Welcome back to Rawlex. In the last module, we went through different ways of visualizing your data using base R commands. In this module, we will learn data visualization using ggplot2 (part of the Tidyverse). Then, you will be able to determine for yourself which ways best fit your goals and coding style.
In this module, the data we will be using is the same as last module, from Joshi et al. (2023). Here is the paper. As a refresher, this paper examines the effects of leaders’ facial structures on people’s perceptions of opportunities availability working with such leaders. You can download their data, available for open access, here
By the end of this module, you will
1, Be able to make basic univariate figures in ggplot2.
2, Customize your figures using ggplot2.
3, Learn how to create bivariate visualizations using ggplot2.
The ggplot2 package was designed to create professional-looking figures in R. This package uses slightly different syntax than the base R plotting functions. ggplot2 figures are much more elaborate and flexible than those created using base R. You have more control over the aesthetics of your figure using ggplot2. Let’s get right to it.

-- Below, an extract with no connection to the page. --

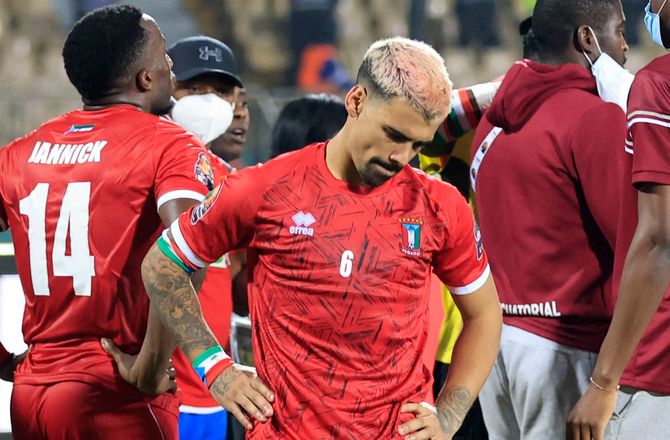 VM kval. CAF -Kaos i Ækvatorialguinea: Træneren fyret og stjerne sendt hjem 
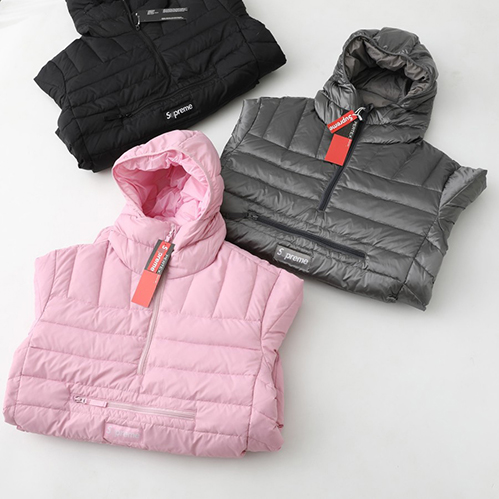 シュプリーム保温性が高くダウンジャケット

Let’s start with the core ggplot2 command
ggplot(data=datatname, # data to be used
aes(x= , y= , )) # x and y axes information
That’s the core of ggplot2. Any command after, such as changing the color scheme, that can be added using a + (this will be demonstrated later).
Here are the commands for the most basic figures:
As you can see, most of these commands are somewhat intuitive. You do not have to do much memorization here. And, as usual, practice makes perfect. The more you do it, the more you will fall in love with ggplot2 (hopefully).
To begin, let’s load in Study1 as we did in the last module along with the package.
setwd("C:/Users/linht/Downloads/RBlog/Module6/") # don't forget to change this to your own directory
library(haven)
## Warning: package 'haven' was built under R version 4.2.3
Study1 <- read_sav("study1a_dataset.sav")
# Check it out!
head(Study1)
## # A tibble: 6 × 22
## Block age pGender race education polictical MTageend FTageend MDageend
## <dbl+lb> <dbl> <dbl+l> <dbl+l> <dbl+lbl> <dbl+lbl> <dbl> <dbl> <dbl>
## 1 1 [bloc… 21 1 [Mal… 1 [Whi… 2 [Assoc… 4 [Somewh… 3.75 3.88 4.11
## 2 2 [bloc… 21 1 [Mal… 7 [His… 2 [Assoc… 4 [Somewh… 4 4 4.62
## 3 2 [bloc… 21 2 [Fem… 1 [Whi… 2 [Assoc… 3 [Modera… 5 5.38 5.5
## 4 2 [bloc… 22 2 [Fem… 1 [Whi… 1 [High … 2 [Somewh… 4.75 3.88 6.12
## 5 2 [bloc… 22 2 [Fem… 4 [Mul… 2 [Assoc… 3 [Modera… 4.88 4.5 4.25
## 6 2 [bloc… 22 1 [Mal… 1 [Whi… 1 [High … 4 [Somewh… 5.5 6.75 6.25
## # ℹ 13 more variables: FDageend <dbl>, MTcomend <dbl>, FTcomend <dbl>,
## # MDcomend <dbl>, FDcomend <dbl>, MTageopp <dbl>, FTageopp <dbl>,
## # MDageopp <dbl>, FDageopp <dbl>, MTcomopp <dbl>, FTcomopp <dbl>,
## # MDcomopp <dbl>, FDcomopp <dbl>
names(Study1)
## [1] "Block" "age" "pGender" "race" "education"
## [6] "polictical" "MTageend" "FTageend" "MDageend" "FDageend"
## [11] "MTcomend" "FTcomend" "MDcomend" "FDcomend" "MTageopp"
## [16] "FTageopp" "MDageopp" "FDageopp" "MTcomopp" "FTcomopp"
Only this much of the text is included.